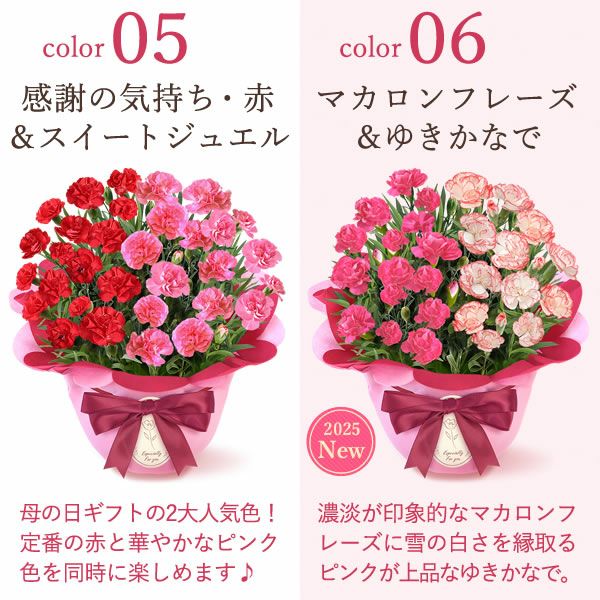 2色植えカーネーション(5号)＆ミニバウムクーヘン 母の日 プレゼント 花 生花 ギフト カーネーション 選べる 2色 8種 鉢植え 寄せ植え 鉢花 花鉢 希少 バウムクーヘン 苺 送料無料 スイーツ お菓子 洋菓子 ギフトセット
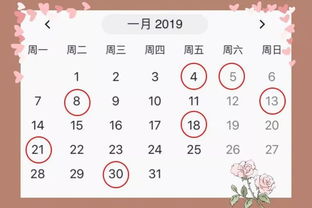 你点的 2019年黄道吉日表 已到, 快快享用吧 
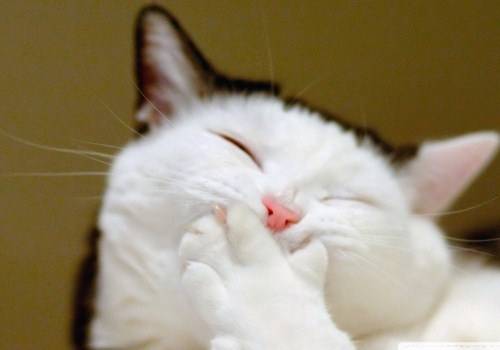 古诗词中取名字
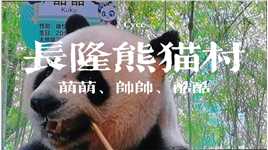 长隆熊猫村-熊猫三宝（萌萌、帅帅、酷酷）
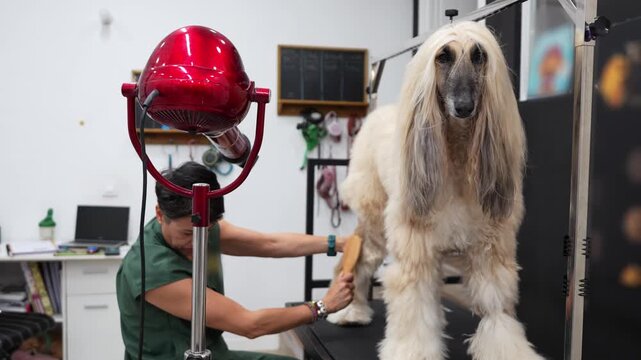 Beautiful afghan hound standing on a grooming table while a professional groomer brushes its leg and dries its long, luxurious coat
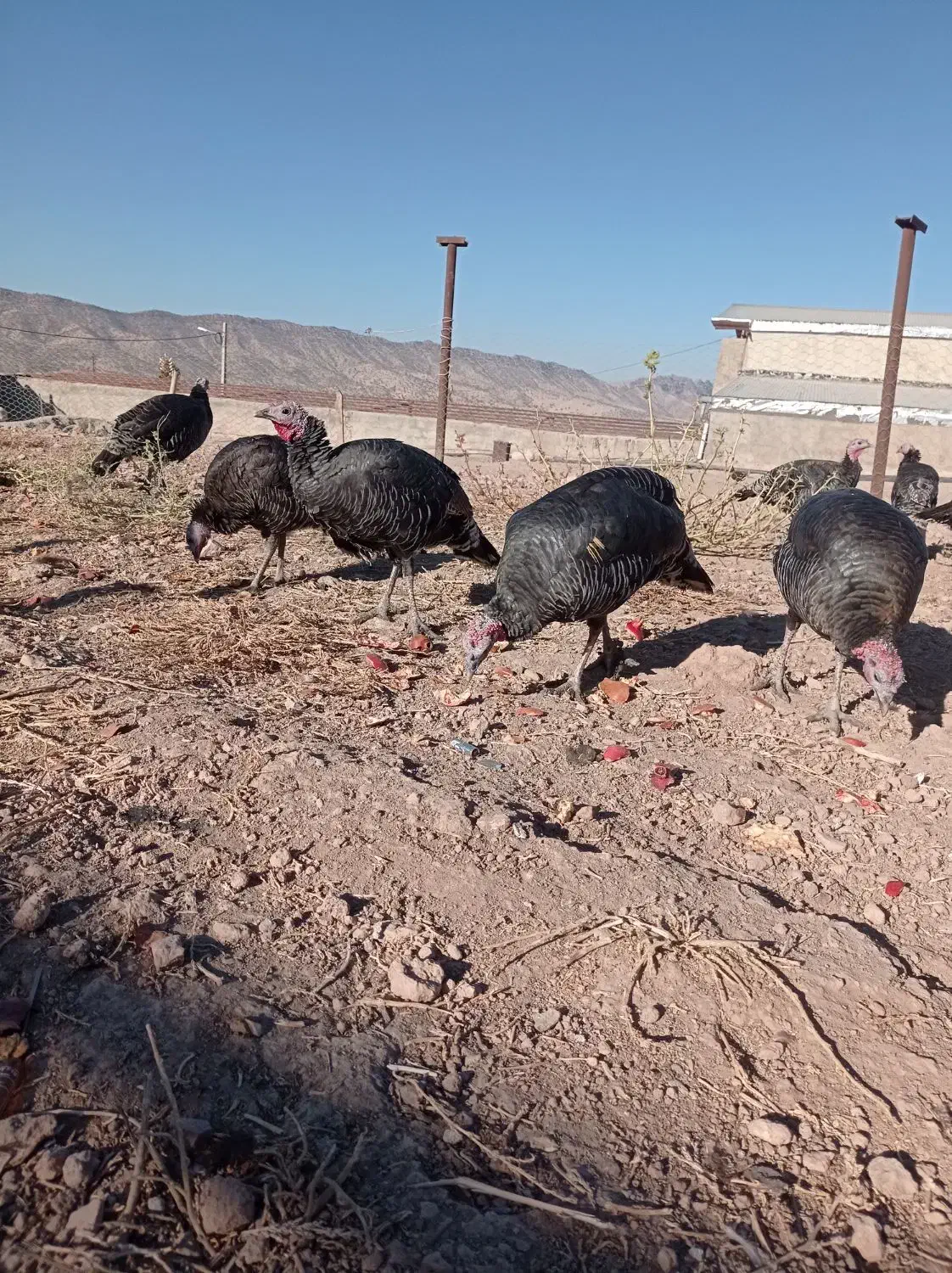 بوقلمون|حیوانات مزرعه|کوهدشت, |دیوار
* * *
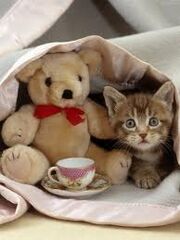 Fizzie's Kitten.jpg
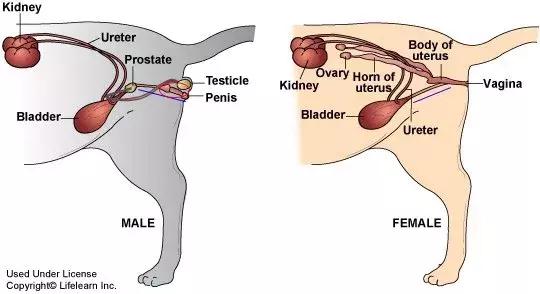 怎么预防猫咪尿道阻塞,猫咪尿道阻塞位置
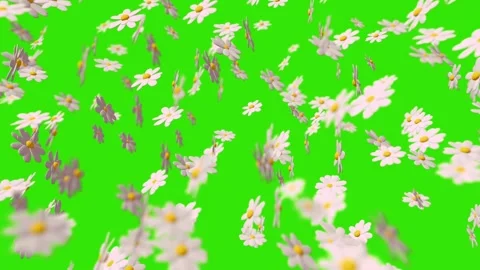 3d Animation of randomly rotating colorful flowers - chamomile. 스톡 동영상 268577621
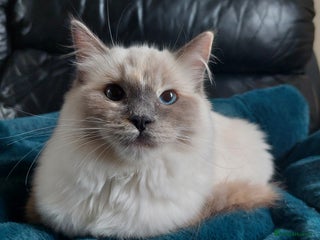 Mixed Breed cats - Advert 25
--
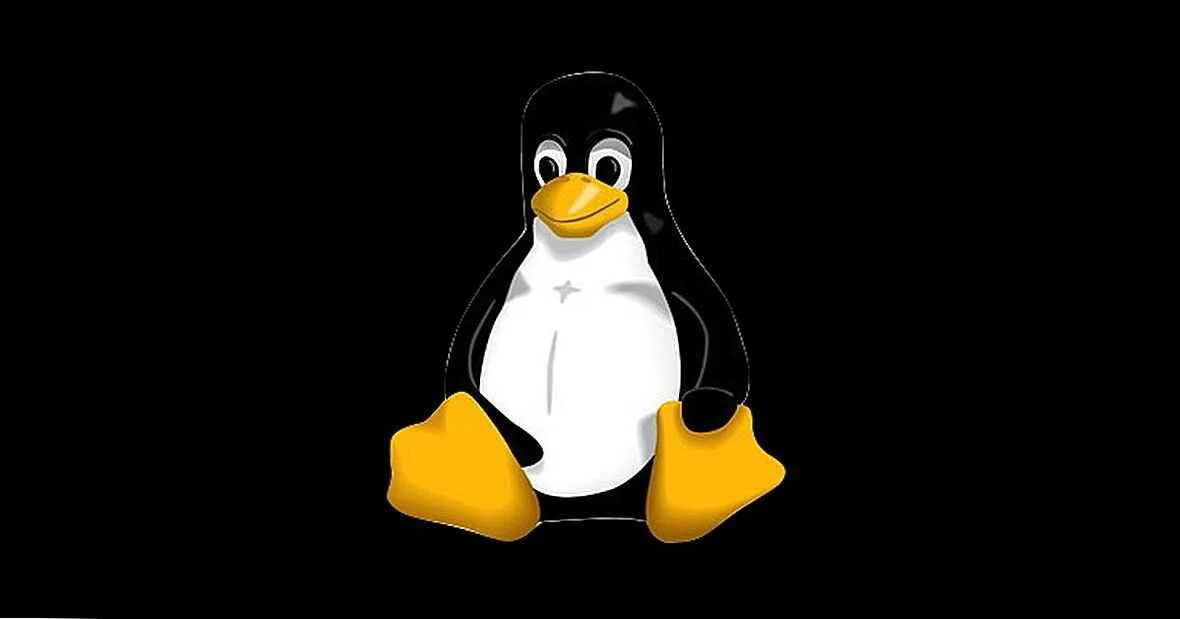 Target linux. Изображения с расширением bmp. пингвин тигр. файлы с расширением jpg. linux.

* PROMPT
What belongs in the answer is each line above from the line with "2色植えカーネーション(5号)＆ミニバウムクーヘン 母の日 プレゼント" to the line with "بوقلمون|حیوانات مزرعه|کوهدشت, |دیوار", inclusive, reproduced exactly and free of pictures.

* EXERCISE RESULT
 2色植えカーネーション(5号)＆ミニバウムクーヘン 母の日 プレゼント 花 生花 ギフト カーネーション 選べる 2色 8種 鉢植え 寄せ植え 鉢花 花鉢 希少 バウムクーヘン 苺 送料無料 スイーツ お菓子 洋菓子 ギフトセット
 你点的 2019年黄道吉日表 已到, 快快享用吧 
 古诗词中取名字
 长隆熊猫村-熊猫三宝（萌萌、帅帅、酷酷）
 Beautiful afghan hound standing on a grooming table while a professional groomer brushes its leg and dries its long, luxurious coat
 بوقلمون|حیوانات مزرعه|کوهدشت, |دیوار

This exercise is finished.